The walks and time spent in the galleries of these museums is not enough for me. There were many comparisons, thoughts , observations going on within. A thought and a marvel that recurred as I walked from one gallery to another was about photography, its advent and its contribution to fine arts.
Photography is classified as one of the fine arts along with drawing, painting, sculpting etc. But the entire scene of fine arts have gone through a revolution with the invention of cameras. Life of photography and the techniques- to capture light and capture images from chemical mediums to digital mediums is another fascinating journey. But its undeniable what this field of arts have done to the others. Its contribution to others is enormous. If you look at the collections in Tate Britain and Tate Modern there is stark change in the style of paintings and expressions. There seems to be a sudden shift in how an artist expressed himself. And to me that sudden shift in expression was made possible by photography.
Before photographic techniques were found, artists mostly painted scenes, portraits and situations to document stories. If you look at the collection of 1500s in Tate Britain, every painting has a story to tell. Every detail of a painting had a reason – what dress a person is wearing, the number of rings they wore in their hands portrayed etc, all of it was trying to say something of those times. Many art works commissioned were to tell those stories in one single frame. The art works of Turner, Constable and others of those times are so important in that respect. They helped us see what it would be like in their times.

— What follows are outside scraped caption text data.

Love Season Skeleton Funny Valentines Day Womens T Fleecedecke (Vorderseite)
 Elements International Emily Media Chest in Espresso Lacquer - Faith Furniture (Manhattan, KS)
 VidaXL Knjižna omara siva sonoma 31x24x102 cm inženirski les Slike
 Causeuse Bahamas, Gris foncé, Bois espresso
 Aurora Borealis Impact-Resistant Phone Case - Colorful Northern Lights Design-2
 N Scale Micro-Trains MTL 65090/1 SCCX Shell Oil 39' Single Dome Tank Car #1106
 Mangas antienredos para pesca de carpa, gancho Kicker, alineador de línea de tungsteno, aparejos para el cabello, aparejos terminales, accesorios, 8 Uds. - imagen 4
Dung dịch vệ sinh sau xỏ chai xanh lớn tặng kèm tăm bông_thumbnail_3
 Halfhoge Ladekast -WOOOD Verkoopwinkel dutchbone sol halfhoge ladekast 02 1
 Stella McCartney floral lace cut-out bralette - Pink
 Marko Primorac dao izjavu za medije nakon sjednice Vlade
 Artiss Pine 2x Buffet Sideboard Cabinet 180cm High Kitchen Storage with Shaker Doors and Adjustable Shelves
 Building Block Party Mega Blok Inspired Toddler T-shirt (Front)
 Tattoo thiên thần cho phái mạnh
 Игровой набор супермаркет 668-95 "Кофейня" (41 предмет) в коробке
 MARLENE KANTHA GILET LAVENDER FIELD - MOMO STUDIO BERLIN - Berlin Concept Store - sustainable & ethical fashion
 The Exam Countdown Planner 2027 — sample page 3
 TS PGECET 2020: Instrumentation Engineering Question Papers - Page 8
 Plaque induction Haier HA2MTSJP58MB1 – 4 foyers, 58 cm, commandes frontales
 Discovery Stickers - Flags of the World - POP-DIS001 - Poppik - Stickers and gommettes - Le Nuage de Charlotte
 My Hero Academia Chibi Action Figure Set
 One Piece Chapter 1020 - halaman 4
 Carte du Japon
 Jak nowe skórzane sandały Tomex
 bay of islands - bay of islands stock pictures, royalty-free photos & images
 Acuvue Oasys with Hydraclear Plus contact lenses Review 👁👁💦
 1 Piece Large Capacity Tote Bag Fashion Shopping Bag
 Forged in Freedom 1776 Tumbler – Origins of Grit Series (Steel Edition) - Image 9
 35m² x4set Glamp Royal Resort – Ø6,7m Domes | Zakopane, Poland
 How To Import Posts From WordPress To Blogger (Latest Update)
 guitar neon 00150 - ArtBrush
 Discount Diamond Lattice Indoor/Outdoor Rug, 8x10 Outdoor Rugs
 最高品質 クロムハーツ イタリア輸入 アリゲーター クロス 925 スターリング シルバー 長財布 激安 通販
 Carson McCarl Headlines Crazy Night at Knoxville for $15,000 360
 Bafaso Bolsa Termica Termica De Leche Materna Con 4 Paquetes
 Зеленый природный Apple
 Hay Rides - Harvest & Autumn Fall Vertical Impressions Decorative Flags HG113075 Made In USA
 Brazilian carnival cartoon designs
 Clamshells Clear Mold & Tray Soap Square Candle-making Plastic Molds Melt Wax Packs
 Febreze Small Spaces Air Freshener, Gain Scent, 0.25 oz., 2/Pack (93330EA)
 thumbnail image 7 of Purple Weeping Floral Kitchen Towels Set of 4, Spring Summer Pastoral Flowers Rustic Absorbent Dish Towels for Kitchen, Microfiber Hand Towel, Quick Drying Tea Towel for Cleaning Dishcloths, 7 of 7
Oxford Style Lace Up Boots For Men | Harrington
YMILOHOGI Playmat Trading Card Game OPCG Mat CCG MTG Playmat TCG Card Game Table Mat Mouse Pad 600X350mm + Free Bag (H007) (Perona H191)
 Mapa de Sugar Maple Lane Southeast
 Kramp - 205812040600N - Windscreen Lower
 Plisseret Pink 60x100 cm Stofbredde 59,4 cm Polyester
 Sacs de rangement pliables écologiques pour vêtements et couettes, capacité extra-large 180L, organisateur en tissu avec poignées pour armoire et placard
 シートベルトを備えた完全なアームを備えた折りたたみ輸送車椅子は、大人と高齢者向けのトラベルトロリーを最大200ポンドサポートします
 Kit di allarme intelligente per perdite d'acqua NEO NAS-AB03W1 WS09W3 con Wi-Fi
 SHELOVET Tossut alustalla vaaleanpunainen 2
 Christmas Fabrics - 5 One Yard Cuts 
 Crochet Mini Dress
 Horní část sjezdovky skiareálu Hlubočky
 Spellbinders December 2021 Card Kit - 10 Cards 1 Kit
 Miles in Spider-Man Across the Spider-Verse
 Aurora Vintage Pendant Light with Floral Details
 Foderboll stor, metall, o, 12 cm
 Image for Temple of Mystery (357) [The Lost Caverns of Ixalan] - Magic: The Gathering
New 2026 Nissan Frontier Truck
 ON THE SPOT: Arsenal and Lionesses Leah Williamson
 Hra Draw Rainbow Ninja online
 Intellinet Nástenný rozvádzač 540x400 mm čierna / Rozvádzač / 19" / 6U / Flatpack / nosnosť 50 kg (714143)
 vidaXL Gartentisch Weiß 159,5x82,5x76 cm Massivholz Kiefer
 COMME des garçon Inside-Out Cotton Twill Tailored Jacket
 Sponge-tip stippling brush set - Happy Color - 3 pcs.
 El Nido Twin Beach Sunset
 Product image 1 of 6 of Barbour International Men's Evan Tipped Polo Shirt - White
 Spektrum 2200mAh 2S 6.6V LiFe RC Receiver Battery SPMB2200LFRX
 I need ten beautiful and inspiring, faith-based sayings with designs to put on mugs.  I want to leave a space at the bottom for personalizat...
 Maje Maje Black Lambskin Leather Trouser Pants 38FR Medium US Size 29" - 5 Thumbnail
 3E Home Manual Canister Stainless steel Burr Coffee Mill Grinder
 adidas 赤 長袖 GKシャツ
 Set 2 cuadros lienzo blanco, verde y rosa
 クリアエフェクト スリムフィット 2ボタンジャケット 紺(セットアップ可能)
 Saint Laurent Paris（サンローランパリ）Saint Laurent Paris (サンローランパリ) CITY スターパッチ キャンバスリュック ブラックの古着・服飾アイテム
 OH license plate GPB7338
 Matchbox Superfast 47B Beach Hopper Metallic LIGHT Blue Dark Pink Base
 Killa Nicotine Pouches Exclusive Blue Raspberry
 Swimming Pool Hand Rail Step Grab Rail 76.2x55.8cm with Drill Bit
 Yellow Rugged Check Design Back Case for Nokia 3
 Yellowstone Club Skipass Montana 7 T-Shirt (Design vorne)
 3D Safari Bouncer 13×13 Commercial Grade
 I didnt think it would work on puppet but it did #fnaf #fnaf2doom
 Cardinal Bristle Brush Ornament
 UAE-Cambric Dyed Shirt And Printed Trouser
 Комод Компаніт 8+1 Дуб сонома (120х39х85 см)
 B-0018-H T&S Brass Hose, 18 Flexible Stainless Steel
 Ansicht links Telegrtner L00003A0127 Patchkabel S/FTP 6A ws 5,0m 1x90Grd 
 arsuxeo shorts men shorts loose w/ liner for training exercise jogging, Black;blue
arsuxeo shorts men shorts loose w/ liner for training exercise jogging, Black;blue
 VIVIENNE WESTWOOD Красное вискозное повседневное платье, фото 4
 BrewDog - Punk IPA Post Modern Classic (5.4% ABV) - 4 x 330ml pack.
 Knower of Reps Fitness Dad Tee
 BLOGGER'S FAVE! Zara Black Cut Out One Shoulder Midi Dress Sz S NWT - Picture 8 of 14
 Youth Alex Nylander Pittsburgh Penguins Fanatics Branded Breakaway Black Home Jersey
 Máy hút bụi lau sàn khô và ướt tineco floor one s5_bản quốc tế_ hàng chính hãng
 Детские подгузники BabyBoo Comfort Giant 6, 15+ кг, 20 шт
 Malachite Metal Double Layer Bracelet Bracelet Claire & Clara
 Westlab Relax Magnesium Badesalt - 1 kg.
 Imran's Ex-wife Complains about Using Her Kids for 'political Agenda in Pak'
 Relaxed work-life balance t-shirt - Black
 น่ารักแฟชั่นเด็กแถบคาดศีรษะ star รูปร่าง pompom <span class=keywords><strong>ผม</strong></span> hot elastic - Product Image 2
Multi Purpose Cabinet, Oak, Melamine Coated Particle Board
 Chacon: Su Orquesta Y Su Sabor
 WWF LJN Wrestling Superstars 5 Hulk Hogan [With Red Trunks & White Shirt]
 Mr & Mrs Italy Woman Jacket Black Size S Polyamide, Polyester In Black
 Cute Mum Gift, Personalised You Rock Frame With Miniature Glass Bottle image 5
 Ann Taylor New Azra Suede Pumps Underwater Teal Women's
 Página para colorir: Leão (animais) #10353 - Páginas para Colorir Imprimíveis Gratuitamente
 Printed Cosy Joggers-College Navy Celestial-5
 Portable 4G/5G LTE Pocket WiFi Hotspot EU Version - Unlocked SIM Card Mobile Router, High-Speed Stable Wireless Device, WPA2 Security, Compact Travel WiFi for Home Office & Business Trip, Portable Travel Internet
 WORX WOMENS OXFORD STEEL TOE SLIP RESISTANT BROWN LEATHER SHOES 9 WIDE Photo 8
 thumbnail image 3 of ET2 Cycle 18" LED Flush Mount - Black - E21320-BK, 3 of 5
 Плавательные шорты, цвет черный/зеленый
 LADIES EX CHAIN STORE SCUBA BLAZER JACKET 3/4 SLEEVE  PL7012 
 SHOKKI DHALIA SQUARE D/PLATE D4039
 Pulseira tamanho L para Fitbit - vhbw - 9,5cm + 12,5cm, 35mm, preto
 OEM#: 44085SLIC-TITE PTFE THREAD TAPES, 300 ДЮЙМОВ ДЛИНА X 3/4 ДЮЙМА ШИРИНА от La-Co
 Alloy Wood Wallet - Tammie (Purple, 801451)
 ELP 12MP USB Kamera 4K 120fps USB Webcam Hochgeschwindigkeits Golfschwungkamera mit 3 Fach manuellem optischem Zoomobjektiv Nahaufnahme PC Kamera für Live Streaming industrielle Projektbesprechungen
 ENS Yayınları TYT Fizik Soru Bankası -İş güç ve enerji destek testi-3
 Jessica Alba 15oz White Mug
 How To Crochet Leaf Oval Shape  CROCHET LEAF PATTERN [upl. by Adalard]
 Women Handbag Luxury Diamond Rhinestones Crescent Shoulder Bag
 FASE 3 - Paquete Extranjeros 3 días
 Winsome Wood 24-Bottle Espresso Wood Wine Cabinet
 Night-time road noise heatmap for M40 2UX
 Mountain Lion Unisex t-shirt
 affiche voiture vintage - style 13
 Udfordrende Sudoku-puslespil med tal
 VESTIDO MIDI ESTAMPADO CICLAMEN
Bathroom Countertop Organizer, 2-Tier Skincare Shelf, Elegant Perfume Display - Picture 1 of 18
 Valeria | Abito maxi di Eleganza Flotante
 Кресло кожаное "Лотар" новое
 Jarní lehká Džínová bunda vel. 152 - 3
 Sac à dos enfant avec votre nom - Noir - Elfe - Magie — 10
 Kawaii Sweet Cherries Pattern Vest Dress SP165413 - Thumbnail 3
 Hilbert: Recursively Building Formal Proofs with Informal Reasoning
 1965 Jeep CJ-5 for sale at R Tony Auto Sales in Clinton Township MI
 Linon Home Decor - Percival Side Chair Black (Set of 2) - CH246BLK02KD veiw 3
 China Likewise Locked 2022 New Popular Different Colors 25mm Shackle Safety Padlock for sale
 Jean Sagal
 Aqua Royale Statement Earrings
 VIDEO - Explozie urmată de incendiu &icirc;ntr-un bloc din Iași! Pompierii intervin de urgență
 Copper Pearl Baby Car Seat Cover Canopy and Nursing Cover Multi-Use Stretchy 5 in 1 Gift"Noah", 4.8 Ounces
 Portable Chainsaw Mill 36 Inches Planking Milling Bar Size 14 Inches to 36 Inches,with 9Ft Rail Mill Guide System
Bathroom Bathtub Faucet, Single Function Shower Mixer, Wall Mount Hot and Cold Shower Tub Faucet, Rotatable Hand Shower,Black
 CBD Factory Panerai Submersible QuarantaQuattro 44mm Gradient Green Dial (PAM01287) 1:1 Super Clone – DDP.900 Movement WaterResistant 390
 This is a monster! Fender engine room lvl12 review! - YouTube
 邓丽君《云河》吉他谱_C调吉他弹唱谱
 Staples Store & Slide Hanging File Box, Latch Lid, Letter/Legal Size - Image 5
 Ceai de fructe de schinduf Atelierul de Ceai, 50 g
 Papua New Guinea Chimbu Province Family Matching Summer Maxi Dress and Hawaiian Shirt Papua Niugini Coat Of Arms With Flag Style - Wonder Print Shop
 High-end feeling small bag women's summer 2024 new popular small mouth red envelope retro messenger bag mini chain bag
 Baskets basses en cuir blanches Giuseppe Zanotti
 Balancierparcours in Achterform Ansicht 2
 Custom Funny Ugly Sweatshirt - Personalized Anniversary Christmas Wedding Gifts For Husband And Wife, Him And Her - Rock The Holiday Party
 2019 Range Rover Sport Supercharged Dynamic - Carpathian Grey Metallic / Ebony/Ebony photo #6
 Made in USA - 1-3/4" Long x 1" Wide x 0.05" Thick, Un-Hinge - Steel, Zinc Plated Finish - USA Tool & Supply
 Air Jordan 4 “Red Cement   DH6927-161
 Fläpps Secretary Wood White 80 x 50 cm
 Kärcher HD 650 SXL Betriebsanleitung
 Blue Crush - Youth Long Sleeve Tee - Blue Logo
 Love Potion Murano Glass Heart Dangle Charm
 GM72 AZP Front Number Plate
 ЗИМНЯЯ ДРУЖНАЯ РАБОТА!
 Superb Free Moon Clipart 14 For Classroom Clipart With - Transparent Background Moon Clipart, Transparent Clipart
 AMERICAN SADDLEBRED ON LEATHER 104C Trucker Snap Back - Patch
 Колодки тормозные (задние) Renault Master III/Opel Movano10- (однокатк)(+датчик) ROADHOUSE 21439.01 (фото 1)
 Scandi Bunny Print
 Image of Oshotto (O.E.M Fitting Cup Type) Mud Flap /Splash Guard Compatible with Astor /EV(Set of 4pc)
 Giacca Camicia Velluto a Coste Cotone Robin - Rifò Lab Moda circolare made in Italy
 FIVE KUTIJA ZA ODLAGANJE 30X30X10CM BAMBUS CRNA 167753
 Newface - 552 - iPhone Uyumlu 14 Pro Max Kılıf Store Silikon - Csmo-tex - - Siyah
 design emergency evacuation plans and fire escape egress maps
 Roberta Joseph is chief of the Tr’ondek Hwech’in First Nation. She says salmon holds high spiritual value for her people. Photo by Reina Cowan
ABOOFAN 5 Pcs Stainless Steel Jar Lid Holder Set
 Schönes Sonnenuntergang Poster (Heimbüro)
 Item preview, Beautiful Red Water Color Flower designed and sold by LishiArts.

With the carrival of photography, the responsibility of documentation to a great extent was lifted off from the artist. This provided the kind of freedom that artists in the past did not have. The sublime art of Turner’s times now gave way to the abstract art of the modern times. In a way, my journey as an artist have been like that of classical art to that of modern art. I did not have a camera of my own until I was 19 years old. I had basic training in classical painting and drawing techniques- water colors, oil on canvas etc. I used tomake landscapes with oil on canvas and portraits of faces with pencil or charcoal on paper. After the point when I had a camera of my own, I started to experiment with color, papers and different medias simply expressing what I felt on those papers. The need to document and capture moments of importance is now taken care of by my camera. Photography bestowed me with that mental freedom.
I have always been able to relate to Pablo Piccaso’s or Jacksonn Pollocks work without knowing why. And lately my interaction with colors look like the way Gerhard Richter’s play with colors. In an interview Richter says ( i paraphrase it here) – colors are so beautiful to simply be with, i simply play with them until I feel satisfied. The rage and agony Piccaso must have felt painting the weeping woman, or the surging emotions that Pollock felt while slapping and dripping colors on his canvas or the delight of playing with colors that Richter felt is what I could connect with. This to me was a contribution of photography to fine art.